街の中心は「ダウンタウン」と呼ばれるエリアで、アメリカで最も古いといわれる公園「ポストコモン」や市庁舎を始めとする行政施設、商業施設が集積する。昔この地域は、船乗り達の遊び場として栄えつつも環境の悪化が進んだことから、それらの建物を全て取り壊し行政施設が整備された。市庁舎は設計コンペで決められたが、設計者は“1セント硬貨の裏面にデザインされたリンカーン記念館を逆さにした”というデザインコンセプトで設計して見事当選したらしい。
 ボストンといえばレッドソックスの本拠地「フェンウェイパーク」だが、残念ながら行程中は試合がなく案内ツアーに参加し球場を視察。旧さが魅力の球場だが歴史的価値から文化財として保全しようという動きがあり、日本と同様文化財指定を受けると手を加える事が難しくなるらしく、スタンド等の増築や様々な改修工事が進められている。
 アメリカ最古の大学ハーバード大学は、中心部から地下鉄で15分ほどに立地する。大学敷地内には、旧い建築様式の建物が並び、研究施設や美術館、博物館として利用され、キャンパス内の建物を見ているだけでも時間を忘れる。また、大学周辺は学生や観光客目当ての飲食店やショップが並び繁華街の雰囲気。
同じく都心から地下鉄で15分ほどにはボストン美術館がある。建物は、当時のものに増築され展示室は100を超え、現在も大規模な増築計画があり一部で工事が進められている。展示コレクションの数とスケールは圧巻。 ボストンの街は、道路が複雑に交差し起伏があり、地下鉄は100年以上の歴史を誇る。また、球場や大学、高級住宅街コモンヒルにみられる旧い建築様式の建物が現存し、昔からの都市基盤、街並みが残る。
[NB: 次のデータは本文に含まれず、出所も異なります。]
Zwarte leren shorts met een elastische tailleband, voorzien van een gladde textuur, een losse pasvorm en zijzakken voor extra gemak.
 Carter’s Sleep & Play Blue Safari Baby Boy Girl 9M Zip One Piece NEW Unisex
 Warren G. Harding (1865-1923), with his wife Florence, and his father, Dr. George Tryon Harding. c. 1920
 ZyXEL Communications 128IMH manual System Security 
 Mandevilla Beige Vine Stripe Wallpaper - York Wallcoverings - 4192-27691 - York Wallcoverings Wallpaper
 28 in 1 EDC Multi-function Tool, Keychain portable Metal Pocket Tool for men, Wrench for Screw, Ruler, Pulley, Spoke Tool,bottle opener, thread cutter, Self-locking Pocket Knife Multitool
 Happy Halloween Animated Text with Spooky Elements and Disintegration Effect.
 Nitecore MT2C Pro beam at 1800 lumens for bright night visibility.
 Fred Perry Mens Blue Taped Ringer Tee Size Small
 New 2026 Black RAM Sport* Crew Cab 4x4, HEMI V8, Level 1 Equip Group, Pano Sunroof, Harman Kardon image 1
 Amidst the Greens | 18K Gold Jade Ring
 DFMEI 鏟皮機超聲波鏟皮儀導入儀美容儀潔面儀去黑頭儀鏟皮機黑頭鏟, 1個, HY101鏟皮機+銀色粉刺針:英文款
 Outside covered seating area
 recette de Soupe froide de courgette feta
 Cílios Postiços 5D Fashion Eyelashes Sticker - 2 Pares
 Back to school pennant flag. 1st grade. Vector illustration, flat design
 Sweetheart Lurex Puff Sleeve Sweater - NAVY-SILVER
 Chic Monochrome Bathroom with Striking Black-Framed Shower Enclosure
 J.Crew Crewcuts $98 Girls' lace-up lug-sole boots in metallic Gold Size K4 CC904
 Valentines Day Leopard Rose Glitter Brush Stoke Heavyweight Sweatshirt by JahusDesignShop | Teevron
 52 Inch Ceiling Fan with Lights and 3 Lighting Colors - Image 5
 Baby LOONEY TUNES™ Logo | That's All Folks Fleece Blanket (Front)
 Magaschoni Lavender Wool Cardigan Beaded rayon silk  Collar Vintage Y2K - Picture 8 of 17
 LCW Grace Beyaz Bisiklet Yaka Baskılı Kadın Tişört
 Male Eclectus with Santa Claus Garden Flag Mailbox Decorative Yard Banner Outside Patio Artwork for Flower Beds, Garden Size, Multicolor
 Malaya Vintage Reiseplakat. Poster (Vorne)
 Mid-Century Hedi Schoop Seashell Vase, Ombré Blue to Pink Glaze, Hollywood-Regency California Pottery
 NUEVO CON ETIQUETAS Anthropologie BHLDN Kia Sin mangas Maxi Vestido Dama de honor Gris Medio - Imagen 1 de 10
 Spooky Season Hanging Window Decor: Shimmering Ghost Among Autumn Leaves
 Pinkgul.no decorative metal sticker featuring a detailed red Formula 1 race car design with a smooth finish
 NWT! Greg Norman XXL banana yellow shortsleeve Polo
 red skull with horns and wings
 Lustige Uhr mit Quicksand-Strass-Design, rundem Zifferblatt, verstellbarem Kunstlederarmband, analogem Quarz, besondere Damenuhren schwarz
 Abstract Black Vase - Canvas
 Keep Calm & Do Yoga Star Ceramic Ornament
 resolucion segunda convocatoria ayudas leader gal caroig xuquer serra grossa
一方で、高層ビルの建設による摩天楼化も進みつつあり、こうした新旧共存が都市化されたトロントとは違う街の魅力となっている。

ボストン市庁舎

1セント硬貨裏面のリンカーン記念館

倉庫を改修して整備されたフェアニアルホールマーケトプレイス

ダウンタン高層ビルから望む街並み

フェンウェイ・パーク/右奥にはグリーンモンスター
  (2008.9.15/村井亮治)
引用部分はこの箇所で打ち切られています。